Setting up a new low temperature, low noise, and high sensitivity measurement
laboratory suitable for electron spin relaxation time
measurements, fabricating appropriate quantum dot samples and implementing the first experimental steps towards this goal was
the primary task of this thesis.\\
For this purpose we installed a new high power dilution refrigerator on a
vibration table including
appropriate
commercially available as well as adequate home made measurement electronics
fulfilling our demands. The system contains a two axis vector magnet reaching
fields up to 8 T and we
designed a sample holder enabling us to orientate samples in all possible x-
and y-
field directions.\\
New self made miniature cryogenic microwave filters combine the advantage of
powder filters with higher conductive silver epoxy and a special coil winding
technique that reduces parasitic capacitive coupling between windings. Together
with excellent heat sinking while mounted directly to the mixing chamber plate
of the refrigerator, they enable us
to decrease the electron temperature in samples down to ultra low values of
18 mK, providing very good conditions for investigating new physics in a
variety of fields with the ability to resolve very small
energy scales.\\
In terms of electron spin relaxation time measurements, we commenced the
fabrication of laterally gated semiconductor quantum dot devices.

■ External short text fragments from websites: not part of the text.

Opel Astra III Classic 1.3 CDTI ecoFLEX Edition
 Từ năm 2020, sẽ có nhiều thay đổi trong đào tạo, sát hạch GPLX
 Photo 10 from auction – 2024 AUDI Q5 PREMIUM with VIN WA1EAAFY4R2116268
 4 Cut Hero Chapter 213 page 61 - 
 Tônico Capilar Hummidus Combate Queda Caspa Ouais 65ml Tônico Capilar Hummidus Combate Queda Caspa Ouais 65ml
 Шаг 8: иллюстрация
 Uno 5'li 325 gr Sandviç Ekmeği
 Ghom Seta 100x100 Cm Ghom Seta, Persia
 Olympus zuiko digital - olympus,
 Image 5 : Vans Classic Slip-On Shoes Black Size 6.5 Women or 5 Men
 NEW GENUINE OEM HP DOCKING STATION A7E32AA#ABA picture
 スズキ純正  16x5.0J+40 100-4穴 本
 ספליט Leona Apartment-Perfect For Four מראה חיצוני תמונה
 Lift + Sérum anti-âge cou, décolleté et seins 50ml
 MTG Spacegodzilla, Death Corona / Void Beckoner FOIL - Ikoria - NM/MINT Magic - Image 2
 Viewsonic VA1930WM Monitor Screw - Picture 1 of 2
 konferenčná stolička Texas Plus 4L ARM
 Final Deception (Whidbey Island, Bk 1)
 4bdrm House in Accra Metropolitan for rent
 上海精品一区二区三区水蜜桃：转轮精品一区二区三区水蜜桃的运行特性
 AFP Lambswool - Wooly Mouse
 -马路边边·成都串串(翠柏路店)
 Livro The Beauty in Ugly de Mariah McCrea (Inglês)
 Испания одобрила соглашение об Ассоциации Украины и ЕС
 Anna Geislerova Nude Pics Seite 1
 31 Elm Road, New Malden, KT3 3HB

Transport
measurements show that our samples are very stable over large time scales and
measurement ranges and show high tunability to all relevant regimes. We can
completely empty the quantum dots of electrons and our design enables us to use
them as single as well as double quantum dots, suitable for investigations
regarding one or two qubit operations when talking in terms of quantum
computing.\\
With charge sensing techniques we could measure electron tunneling in real-time,
being able to tune the tunneling rates down to about 1 Hz, thus being
adequate for measuring long electron spin relaxation times in the range of seconds. In magnetic
field measurements we could resolve the Zeeman splitting between spin-up and
spin-down electrons, another important
ingredient for spin relaxation time studies.\\
Furthermore we observed second order transport mechanisms as inelastic
cotunneling processes and we associate some of our measurements with cotunneling
assisted sequential tunneling (CAST). These measurements provide a basis for following
interesting studies of transport mechanisms.